Aran Komatsuzaki wrote a post announcing that they released 6B Jax-Based Transformer which is also available in here.

This post reviews a number of papers published in 2020 for neural network quantization. It covers from codebook creation for CNNs(figure above) to embedding quantization.

Google earlier open-sourced TRILL and they are following with another post on FRILL which is a distilled model from TRILL for device specifically. The paper talks in detail around the distillation approach, how they adopted QAT(Quantization Aware Training) and a number of other details. They open-sourced the model in TF and there is also a pre-trained model available in TFHub.

Papers

A graph placement methodology for fast chip design talks about how to build a reinforcement methods through deconvnets to design various chips and use these to allow heterogeneous computation in a TensorFlow graph.

Facebook wrote about how they can brush certain pieces of text into images through self-supervised methods with style that has been written in the image. This differs from just replacing the text in the image to another text, it actually emulates and “blends” right back to the original image.

Mike Schroepfer @schrep

Our researchers built an AI model that can learn to edit the text in any image by training on just a single word. This has huge potential in augmented reality — imagine your AR glasses doing real-time translation of the world, from street signs to handwritten notes

As mentioned above, an excellent use case would be AR/VR domain where this method can replace all of the input and then translate into the language that the user understands. The paper is here and the data is also open-sourced. However, due to concerns on the fake image creation, code was not open-sourced.

Tabular Data: Deep Learning is Not All You Need talks about how/why tree ensemble methods(specifically XGBoost) should be preferred over deep learning methods for various classification/regression tasks in AutoML domain.

Libraries

Pystiche is a neural network library for neural style, written in PyTorch.
Text-Brewer is a model distillation toolkit which mainly targets NLP models.
ECIR 2021 Tutorial is not a library per se, but is a GitHub repo that has a number of tutorials in e-commerce search space.
Awesome Model Quantization has a number of libraries and code that are for model quantization.
SmartSim is a orchestrator infrastructure library for deploying machine learning applications(either through PyTorch or Tensorflow) in HPC(High Performance Computing). There is a seminar and a paper on the system design and how this library is being used for research purposes.
Distrax is a probability library written in Jax which covers most of the functionality of Tensorflow Probability library provides.

Classes

NYU Data Science published a new introductory class on the mathematical concepts of widely used data science/machine learning techniques in here.
- They cover a variety of techniques like sparse regression, Fourier/frequency domains, wiener filters and PCA. They have both slides and videos are available. All of the videos are available as a list as well in here.
Tensorflow announced a number of classes in this post.
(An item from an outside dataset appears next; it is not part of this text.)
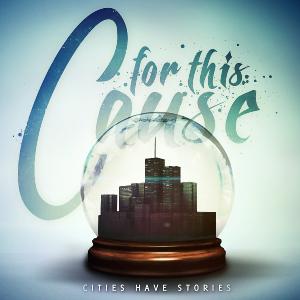 For This Cause - Cities Have Stories (2012)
This is in collaboration with deeplearning.ai and it is mainly targeting an audience that want to learn about MLOps.

Videos

MICES has a playlist that targets e-commerce search. If you are working either in e-commerce and/or search domain, it is worth of your time.

MLSys Seminar from Stanford released another good video:

In this seminar, Karan goes through some of the characteristics of Malleable ML Systems(flexible, easy to incorporate changes). It is pretty interesting session, one example that he gives around how they do labeling the countries(German -> German soccer team) with their equivalents of the team names with the full name replacement through regex is nifty labeling trick.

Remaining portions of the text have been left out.